I would appreciate any help and support. Here is the code and the log:
items.py
from scrapy.item import Item, Field
class CraigslistSampleItem(Item):
title = Field()
link = Field()
Test.py (spider folder)
from scrapy.spider import BaseSpider
from scrapy.selector import HtmlXPathSelector
from craigslist_sample.items import CraigslistSampleItem
class MySpider(BaseSpider):
name = "craig"
allowed_domains = ["vallenproveedora.com.mx"]
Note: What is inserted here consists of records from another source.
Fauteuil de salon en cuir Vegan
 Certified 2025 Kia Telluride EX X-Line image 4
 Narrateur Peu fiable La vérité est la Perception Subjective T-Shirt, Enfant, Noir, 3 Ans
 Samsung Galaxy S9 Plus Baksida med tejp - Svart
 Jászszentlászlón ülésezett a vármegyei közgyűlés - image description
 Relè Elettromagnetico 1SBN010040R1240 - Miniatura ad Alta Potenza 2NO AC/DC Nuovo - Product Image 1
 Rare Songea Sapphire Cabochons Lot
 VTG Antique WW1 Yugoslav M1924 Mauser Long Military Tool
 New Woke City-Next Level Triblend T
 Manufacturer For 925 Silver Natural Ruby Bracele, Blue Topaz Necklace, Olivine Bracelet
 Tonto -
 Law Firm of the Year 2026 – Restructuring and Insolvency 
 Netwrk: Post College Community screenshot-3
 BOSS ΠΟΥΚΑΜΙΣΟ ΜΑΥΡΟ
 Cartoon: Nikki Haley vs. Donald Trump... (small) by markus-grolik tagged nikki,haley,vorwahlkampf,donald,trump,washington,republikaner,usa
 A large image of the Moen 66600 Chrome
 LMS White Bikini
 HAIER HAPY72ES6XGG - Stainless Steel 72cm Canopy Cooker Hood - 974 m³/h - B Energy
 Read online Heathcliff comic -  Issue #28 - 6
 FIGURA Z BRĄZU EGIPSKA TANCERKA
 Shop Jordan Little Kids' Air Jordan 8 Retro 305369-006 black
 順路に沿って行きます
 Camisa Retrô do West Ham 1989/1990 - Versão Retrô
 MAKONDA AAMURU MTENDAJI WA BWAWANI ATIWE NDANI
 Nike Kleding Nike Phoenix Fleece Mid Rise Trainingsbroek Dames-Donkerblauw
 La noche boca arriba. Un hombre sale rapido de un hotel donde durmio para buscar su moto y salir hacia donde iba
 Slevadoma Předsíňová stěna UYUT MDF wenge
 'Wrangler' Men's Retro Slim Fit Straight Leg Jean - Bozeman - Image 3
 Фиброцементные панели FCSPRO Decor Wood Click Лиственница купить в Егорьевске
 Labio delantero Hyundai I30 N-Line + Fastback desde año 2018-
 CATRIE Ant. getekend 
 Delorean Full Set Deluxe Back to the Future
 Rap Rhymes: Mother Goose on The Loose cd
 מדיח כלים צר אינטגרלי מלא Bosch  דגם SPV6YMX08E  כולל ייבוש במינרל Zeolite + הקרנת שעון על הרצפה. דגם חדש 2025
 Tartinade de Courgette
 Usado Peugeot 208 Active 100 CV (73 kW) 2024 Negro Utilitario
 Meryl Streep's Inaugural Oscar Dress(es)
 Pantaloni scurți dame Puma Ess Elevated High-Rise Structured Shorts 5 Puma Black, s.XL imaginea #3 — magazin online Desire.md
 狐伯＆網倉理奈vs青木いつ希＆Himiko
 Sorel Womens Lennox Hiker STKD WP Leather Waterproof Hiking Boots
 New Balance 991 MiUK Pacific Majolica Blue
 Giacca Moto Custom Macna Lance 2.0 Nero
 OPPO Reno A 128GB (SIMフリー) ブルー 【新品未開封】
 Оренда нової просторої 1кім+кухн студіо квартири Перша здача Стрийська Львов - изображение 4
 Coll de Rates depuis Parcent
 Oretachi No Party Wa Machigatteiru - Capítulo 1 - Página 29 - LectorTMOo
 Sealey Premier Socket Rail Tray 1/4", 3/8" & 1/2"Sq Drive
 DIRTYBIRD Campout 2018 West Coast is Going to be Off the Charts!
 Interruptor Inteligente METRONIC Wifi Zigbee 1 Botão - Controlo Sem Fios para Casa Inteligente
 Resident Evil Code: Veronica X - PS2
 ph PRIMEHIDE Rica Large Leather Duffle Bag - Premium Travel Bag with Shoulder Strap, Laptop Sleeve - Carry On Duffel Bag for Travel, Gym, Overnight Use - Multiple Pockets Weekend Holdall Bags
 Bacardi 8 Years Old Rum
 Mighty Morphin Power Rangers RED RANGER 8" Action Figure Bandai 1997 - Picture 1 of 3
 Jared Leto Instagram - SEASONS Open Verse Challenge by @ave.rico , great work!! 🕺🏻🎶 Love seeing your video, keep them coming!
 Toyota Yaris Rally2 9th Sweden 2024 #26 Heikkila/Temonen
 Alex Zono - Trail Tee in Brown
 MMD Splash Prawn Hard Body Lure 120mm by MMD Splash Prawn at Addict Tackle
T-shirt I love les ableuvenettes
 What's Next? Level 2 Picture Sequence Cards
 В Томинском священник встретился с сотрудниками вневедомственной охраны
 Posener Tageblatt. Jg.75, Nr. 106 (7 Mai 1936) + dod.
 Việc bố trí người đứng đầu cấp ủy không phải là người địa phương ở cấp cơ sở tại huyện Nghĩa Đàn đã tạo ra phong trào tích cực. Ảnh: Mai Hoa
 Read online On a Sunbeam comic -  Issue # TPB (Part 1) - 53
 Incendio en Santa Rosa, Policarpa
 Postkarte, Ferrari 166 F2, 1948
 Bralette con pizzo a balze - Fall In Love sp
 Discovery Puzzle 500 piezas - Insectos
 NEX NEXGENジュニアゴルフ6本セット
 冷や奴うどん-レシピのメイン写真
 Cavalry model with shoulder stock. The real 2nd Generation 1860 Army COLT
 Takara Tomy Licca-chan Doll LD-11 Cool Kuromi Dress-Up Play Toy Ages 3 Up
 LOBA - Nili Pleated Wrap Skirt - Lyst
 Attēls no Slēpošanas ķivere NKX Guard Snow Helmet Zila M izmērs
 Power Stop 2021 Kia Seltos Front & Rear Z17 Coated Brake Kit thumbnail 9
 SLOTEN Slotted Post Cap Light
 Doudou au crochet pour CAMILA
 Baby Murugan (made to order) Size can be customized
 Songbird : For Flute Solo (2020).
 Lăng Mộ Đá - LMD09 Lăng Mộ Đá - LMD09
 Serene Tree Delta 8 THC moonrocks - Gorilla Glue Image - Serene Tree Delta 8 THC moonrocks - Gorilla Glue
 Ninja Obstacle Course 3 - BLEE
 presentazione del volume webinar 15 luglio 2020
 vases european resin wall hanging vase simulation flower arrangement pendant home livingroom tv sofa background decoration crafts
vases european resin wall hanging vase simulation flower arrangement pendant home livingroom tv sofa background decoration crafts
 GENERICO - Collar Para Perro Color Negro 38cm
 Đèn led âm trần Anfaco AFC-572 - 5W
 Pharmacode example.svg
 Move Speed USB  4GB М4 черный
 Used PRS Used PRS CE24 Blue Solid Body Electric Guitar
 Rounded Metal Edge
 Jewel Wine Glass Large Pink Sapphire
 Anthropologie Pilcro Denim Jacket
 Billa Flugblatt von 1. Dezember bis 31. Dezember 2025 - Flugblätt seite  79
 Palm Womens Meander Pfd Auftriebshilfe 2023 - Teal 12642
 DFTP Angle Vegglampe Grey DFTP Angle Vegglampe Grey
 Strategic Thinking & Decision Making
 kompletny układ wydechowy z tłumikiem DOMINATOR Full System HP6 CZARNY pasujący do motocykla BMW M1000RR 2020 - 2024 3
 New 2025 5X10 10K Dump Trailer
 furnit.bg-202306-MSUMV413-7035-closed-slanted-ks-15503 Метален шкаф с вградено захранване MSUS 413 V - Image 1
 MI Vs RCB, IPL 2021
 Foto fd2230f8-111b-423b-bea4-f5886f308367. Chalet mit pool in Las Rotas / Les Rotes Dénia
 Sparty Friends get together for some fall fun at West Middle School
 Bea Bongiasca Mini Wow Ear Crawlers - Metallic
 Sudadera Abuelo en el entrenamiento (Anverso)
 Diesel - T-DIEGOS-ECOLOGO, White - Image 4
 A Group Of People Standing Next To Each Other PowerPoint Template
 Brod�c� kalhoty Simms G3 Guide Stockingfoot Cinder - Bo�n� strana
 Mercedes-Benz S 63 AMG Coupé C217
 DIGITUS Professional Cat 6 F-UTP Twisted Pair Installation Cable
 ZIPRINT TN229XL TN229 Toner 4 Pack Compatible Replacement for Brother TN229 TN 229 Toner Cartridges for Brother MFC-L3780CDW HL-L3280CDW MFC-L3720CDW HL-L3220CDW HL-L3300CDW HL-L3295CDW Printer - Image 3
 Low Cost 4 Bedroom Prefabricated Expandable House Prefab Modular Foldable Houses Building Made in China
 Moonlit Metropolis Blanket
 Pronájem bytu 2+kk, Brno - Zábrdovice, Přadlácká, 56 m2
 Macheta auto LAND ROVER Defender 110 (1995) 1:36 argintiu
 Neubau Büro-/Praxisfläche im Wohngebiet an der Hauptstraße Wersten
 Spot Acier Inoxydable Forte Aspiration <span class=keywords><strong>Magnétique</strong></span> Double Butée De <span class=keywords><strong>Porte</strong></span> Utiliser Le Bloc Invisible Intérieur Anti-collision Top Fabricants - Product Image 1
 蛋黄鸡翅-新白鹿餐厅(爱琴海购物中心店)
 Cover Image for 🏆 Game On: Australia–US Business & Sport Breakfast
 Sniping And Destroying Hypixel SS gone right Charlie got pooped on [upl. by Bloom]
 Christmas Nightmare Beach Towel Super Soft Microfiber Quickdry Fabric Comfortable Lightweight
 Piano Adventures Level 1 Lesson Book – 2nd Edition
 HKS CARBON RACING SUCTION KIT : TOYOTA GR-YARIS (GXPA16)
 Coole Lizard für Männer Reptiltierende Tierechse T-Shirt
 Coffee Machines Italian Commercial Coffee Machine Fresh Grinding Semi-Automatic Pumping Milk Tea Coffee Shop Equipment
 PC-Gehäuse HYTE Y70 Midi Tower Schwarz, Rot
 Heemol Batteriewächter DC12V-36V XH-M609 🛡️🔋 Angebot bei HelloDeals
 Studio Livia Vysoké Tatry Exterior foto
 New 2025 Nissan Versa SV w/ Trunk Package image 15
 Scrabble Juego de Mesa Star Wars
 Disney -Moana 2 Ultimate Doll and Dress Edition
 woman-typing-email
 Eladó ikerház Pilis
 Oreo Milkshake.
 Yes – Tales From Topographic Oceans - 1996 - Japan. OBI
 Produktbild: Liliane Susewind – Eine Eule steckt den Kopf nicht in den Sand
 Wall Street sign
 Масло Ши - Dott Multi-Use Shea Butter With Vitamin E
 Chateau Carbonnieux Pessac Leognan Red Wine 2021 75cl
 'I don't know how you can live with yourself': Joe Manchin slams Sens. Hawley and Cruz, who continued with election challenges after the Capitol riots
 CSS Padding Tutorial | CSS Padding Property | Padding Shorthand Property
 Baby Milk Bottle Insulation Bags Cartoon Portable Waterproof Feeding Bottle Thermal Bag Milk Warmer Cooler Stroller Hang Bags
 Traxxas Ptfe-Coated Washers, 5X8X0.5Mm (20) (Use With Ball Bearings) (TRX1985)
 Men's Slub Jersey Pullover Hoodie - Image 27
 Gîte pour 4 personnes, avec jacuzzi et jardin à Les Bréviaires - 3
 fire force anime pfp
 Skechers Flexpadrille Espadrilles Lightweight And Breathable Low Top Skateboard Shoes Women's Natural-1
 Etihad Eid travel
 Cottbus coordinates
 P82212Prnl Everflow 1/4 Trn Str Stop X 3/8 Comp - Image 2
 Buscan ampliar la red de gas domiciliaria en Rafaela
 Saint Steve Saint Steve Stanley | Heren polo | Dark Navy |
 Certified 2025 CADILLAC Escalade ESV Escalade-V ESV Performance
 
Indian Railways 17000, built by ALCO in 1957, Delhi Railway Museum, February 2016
#start_urls = ["http://www.homedepot.com.mx/webapp/wcs/stores/servlet/SearchDisplay?searchTermScope=&filterTerm=&orderBy=&maxPrice=&showResultsPage=true&langId=-5&beginIndex=0&sType=SimpleSearch&pageSize=&manufacturer=&resultCatEntryType=2&catalogId=10052&pageView=table&minPrice=&urlLangId=-5&storeId=13344&searchTerm=guante"]
start_urls = ["http://www.vallenproveedora.com.mx/"]
def parse(self, response):
titles = response.xpath('//ul/li')
for titles in titles:
title = titles.select("a/text()").extract()
link = titles.select("a/@href").extract()
print (title, link)